[Input]

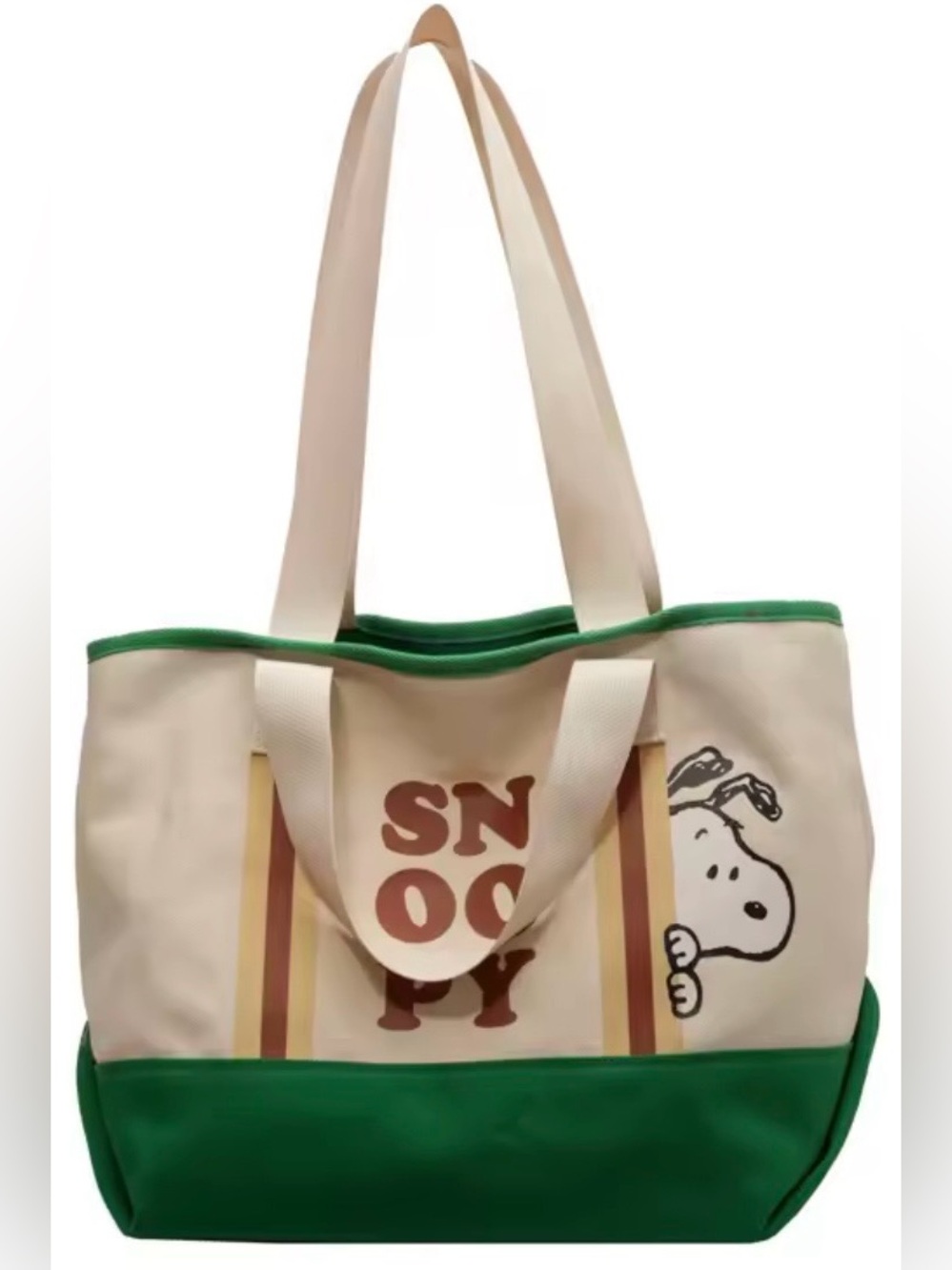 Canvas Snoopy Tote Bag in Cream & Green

---

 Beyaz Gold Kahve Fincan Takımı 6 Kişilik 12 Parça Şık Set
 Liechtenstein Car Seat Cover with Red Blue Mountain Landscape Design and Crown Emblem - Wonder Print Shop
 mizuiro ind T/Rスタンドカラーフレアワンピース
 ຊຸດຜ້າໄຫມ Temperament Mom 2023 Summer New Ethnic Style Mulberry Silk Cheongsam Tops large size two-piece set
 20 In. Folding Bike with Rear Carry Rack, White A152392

--

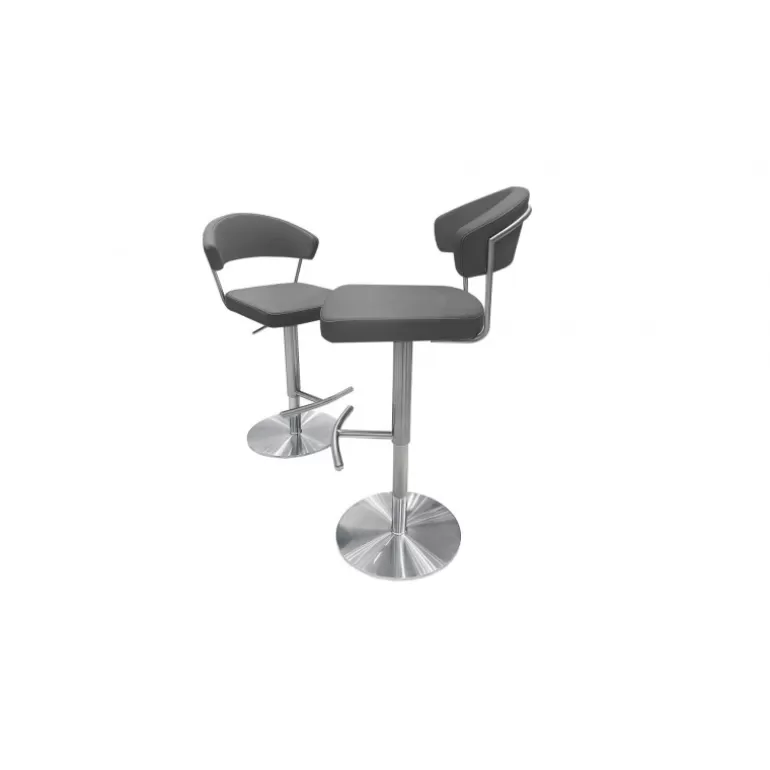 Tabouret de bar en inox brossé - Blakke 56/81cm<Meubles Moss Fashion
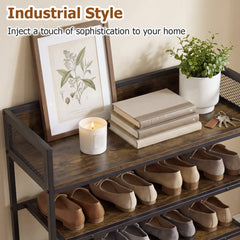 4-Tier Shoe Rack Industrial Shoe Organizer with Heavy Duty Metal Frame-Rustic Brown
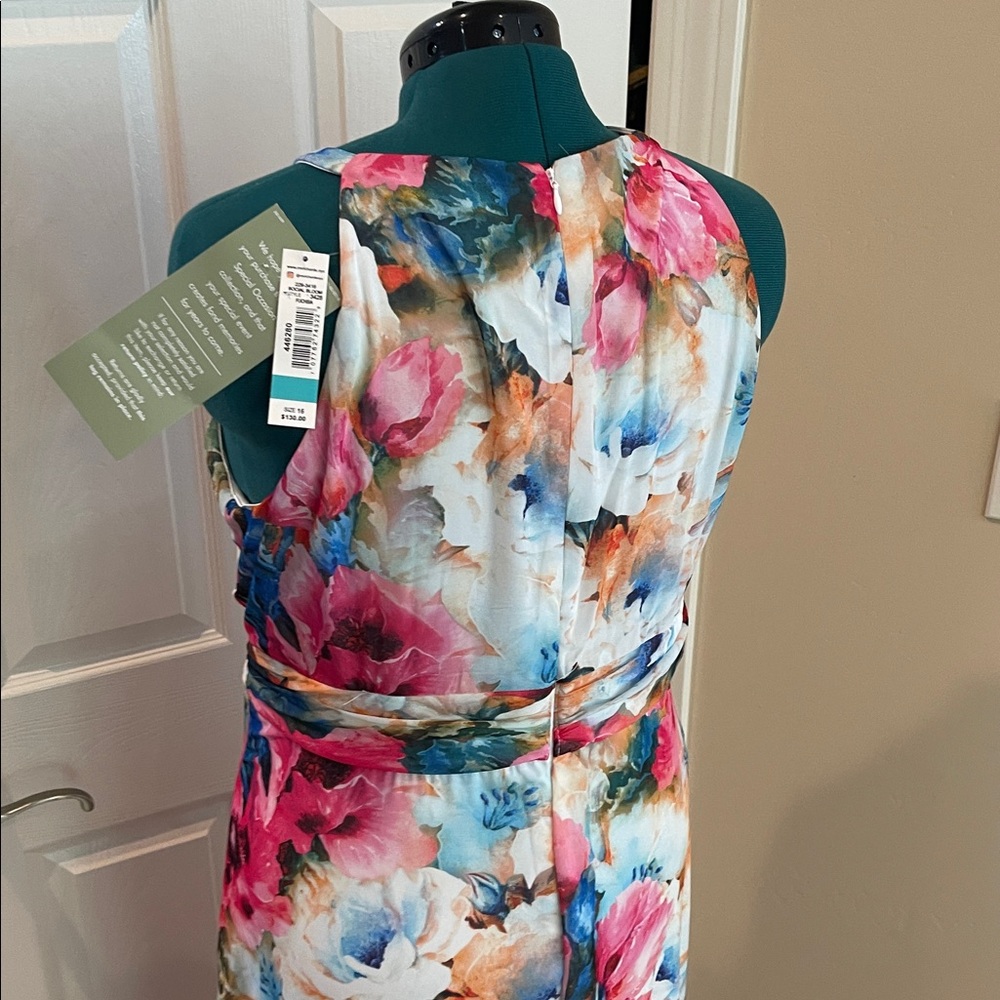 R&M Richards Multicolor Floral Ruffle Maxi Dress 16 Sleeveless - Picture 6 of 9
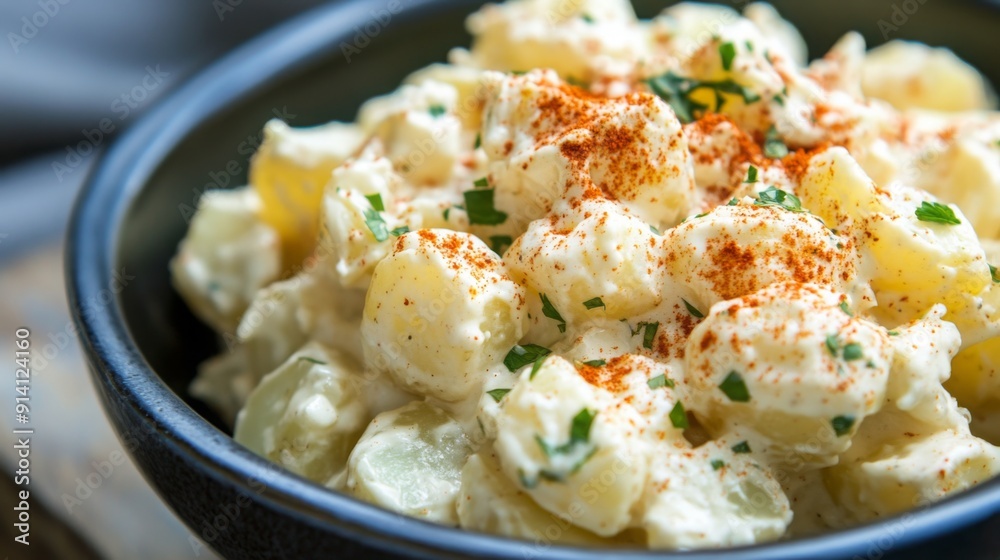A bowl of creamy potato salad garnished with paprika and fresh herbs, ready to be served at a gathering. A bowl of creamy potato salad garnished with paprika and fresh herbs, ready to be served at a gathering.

[Task to carry out]
Give again exactly, and only, the lines above starting at the one with "ຊຸດຜ້າໄຫມ Temperament Mom" and ending at the one with "20 In. Folding".

[Exercise solution]
 ຊຸດຜ້າໄຫມ Temperament Mom 2023 Summer New Ethnic Style Mulberry Silk Cheongsam Tops large size two-piece set
 20 In. Folding Bike with Rear Carry Rack, White A152392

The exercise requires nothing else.